Work item – A verbatim copy is needed of the lines below from the one containing "Sidesplittere Street Pro" up to and including the one containing "2012 Chevrolet Sonic", excluding pictures.

Extracted records –
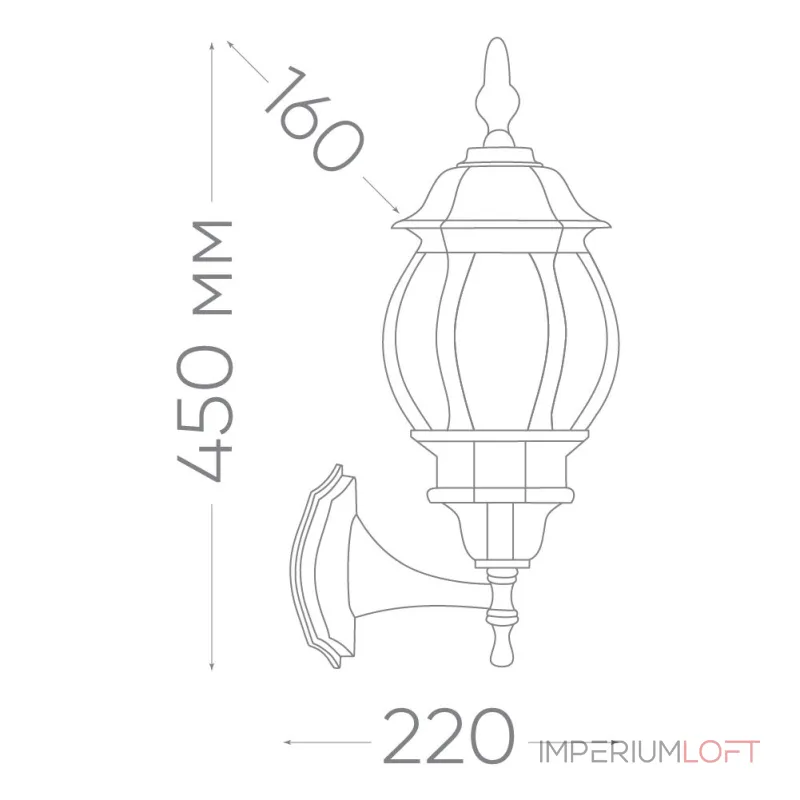 Светильник на штанге Feron 8101 11096 от ImperiumLoft Светильник на штанге Feron 8101 11096 от ImperiumLoft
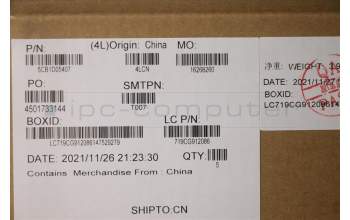 Lenovo 5CB1D05407 Tastatur inkl. Topcase ASM_POR L82JD SGw/WHWRF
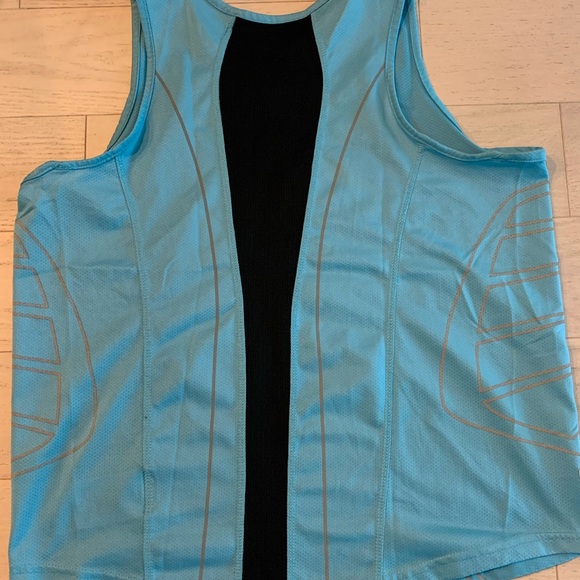 Nike Swoosh run tank 🏃🏼♀️ vintage Nike blue - Picture 4 of 5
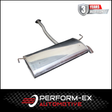 STANDARD REPLACEMENT REAR MUFFLER FITS HYUNDAI IX35 LM 2.0L G4NC FWD 2/2010-12/2015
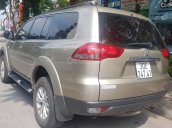 Bán gấp giá mềm mại chiếc Mitsubishi Pajero Sport  2.5 năm 2016, màu vàng cát chính chủ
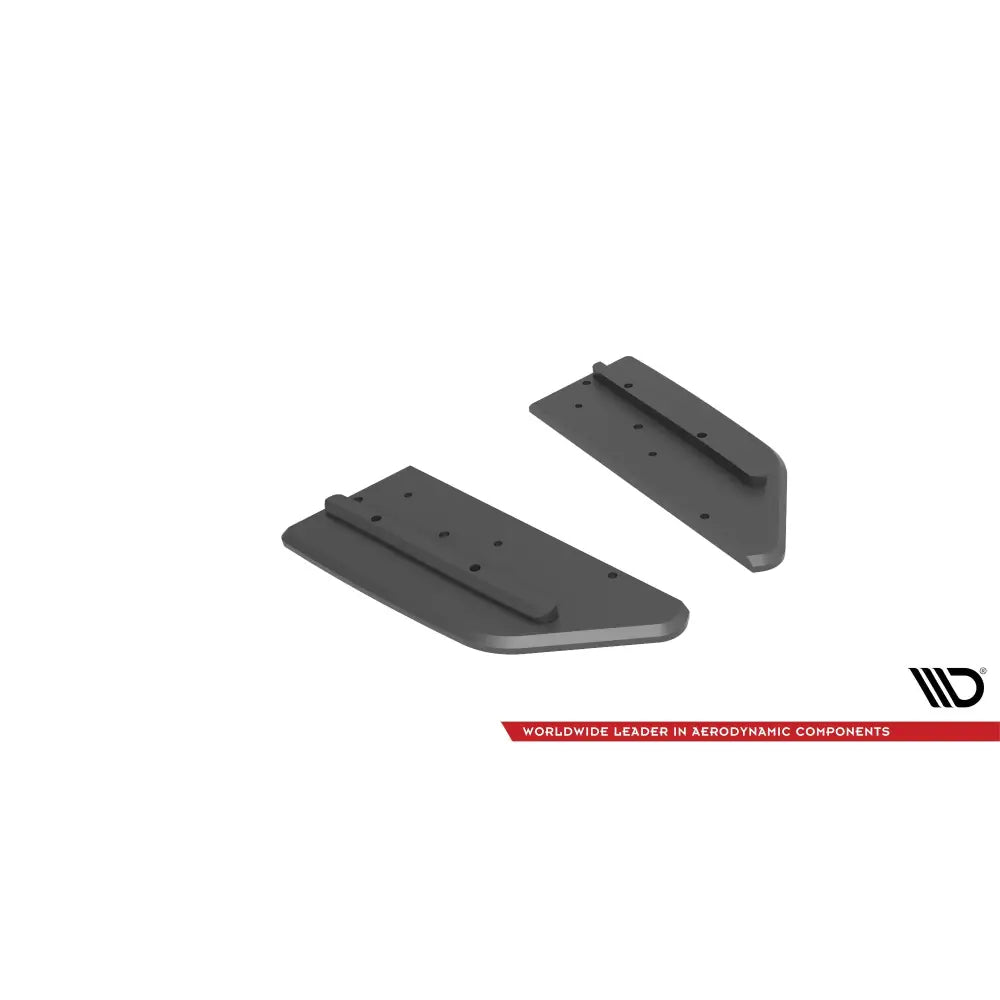 Sidesplittere Street Pro Mercedes-amg C43 Coupe C205 Facelift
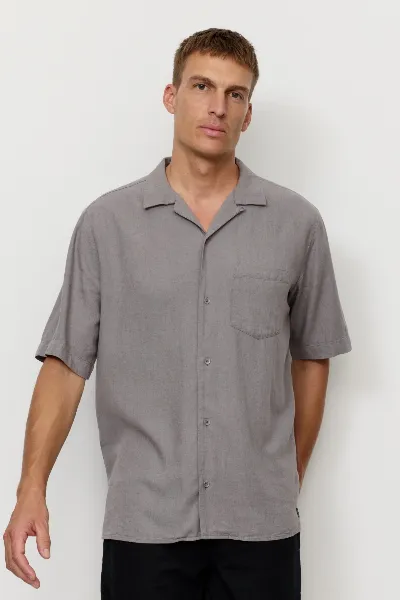 recolution Recolution Herren vegan Shirt Cactus Greige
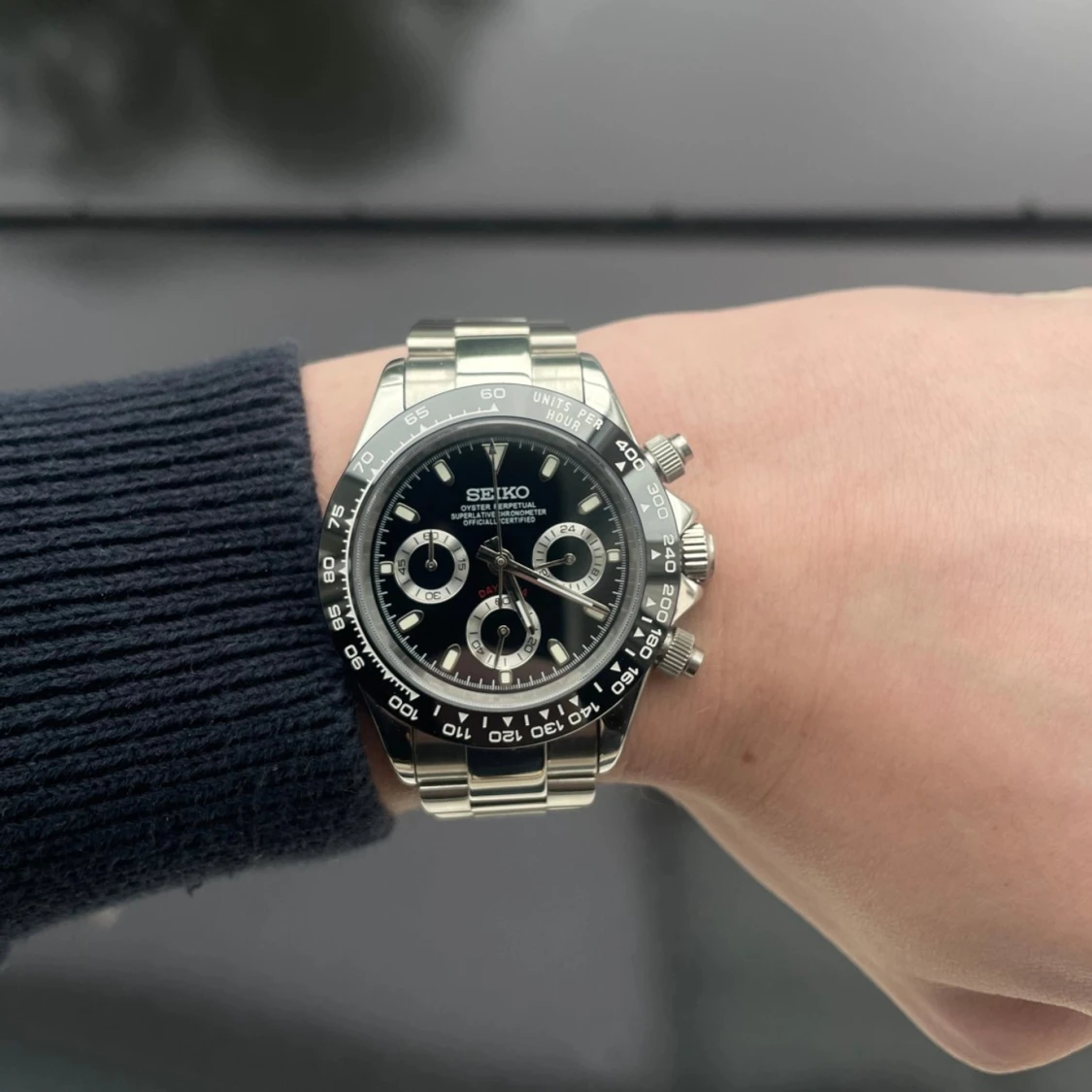 Seiko ”Daytona” mod - 90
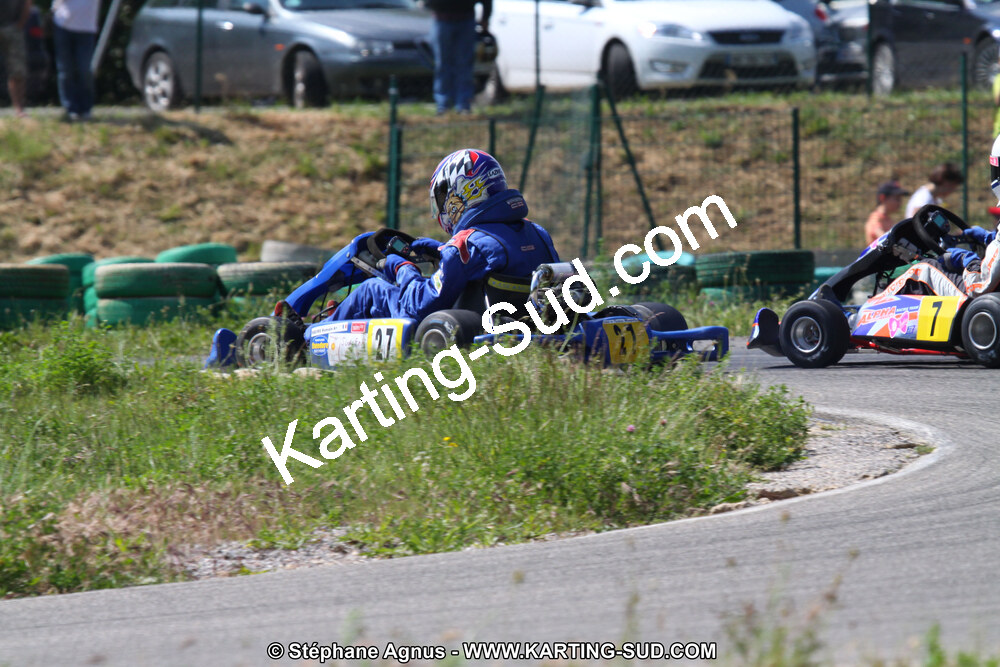 01/05/2011 : 3ème manche du Championnat du Sud à Alès (Photos Stéphane Agnus) 2011 — karting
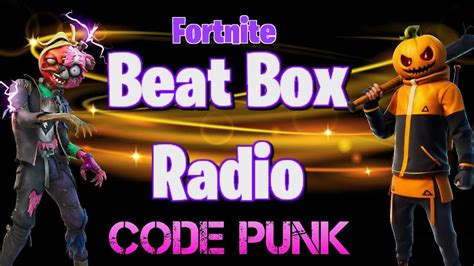 Beat Box Radio Fortnite Oct 2022 Youtube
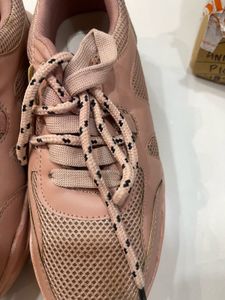 Pink Athletic Sneakers
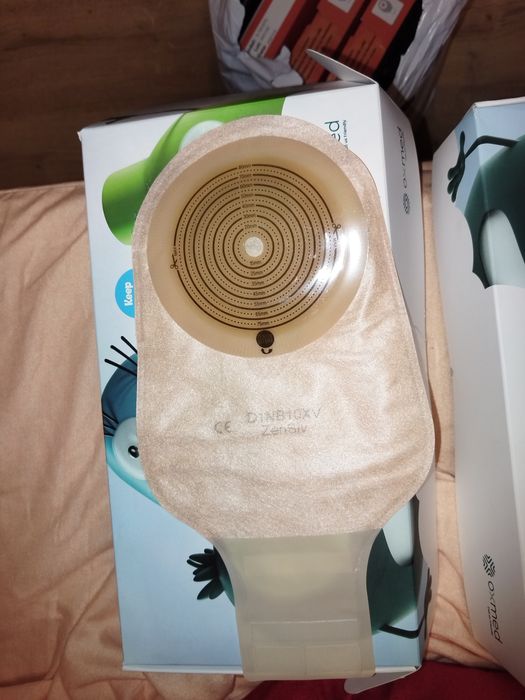 Pungi colostoma/ileosotma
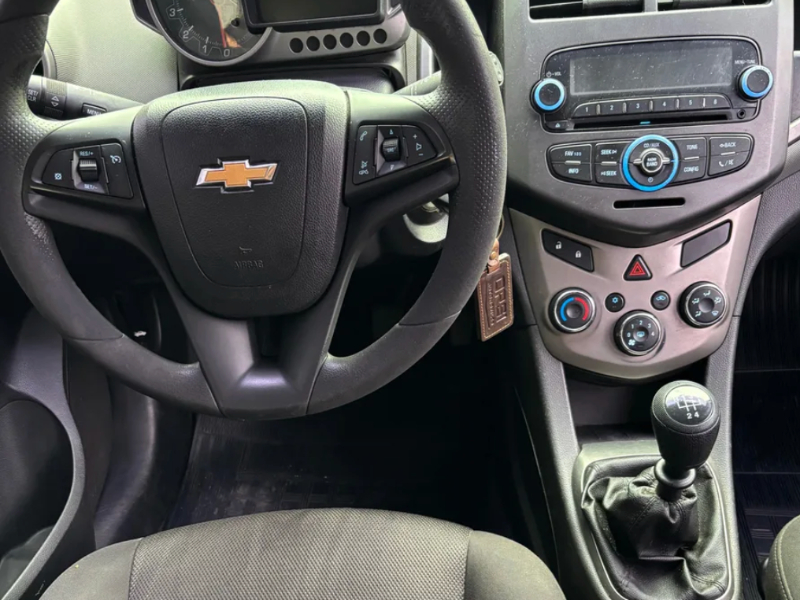 Imagen de  Manual  2012 Chevrolet Sonic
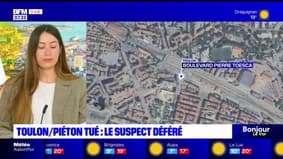 Piéton tué à Toulon: le suspect sera déféré vendredi en vue d’une mise en examen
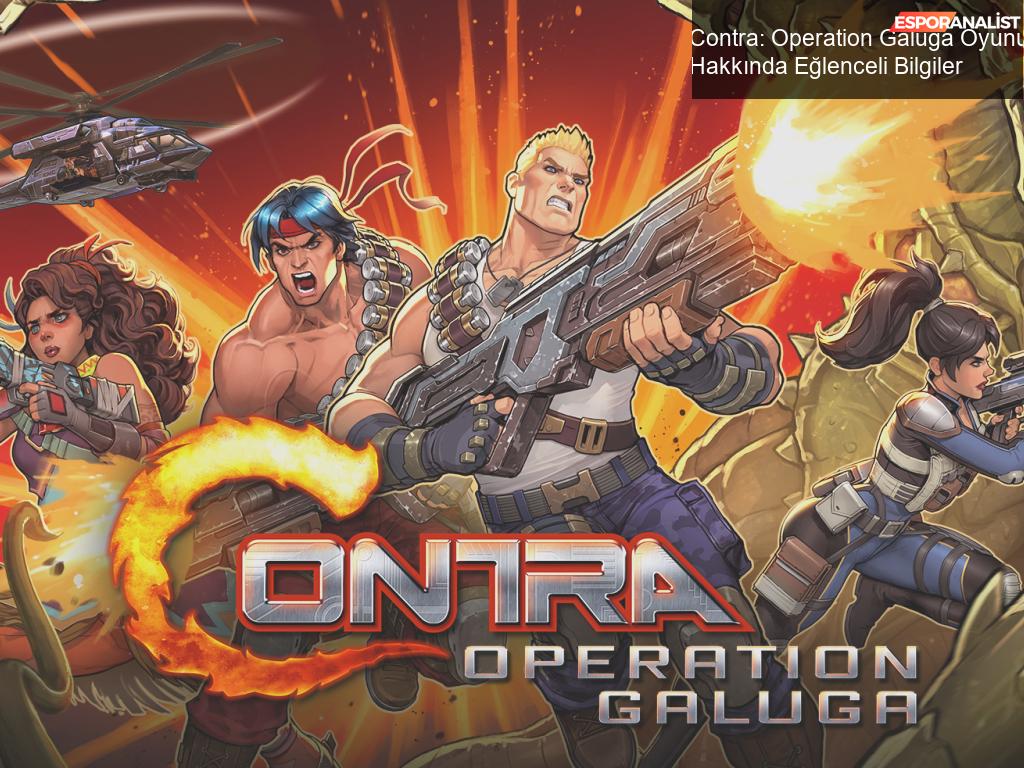 Contra: Operation Galuga Oyunu Hakkında Eğlenceli Bilgiler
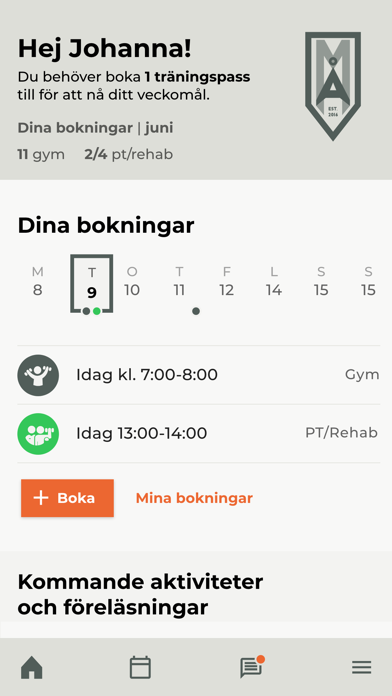 Må Hälsa Screenshot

The completed task –
 Sidesplittere Street Pro Mercedes-amg C43 Coupe C205 Facelift
 recolution Recolution Herren vegan Shirt Cactus Greige
 Seiko ”Daytona” mod - 90
 01/05/2011 : 3ème manche du Championnat du Sud à Alès (Photos Stéphane Agnus) 2011 — karting
 Beat Box Radio Fortnite Oct 2022 Youtube
 Pink Athletic Sneakers
 Pungi colostoma/ileosotma
 Imagen de  Manual  2012 Chevrolet Sonic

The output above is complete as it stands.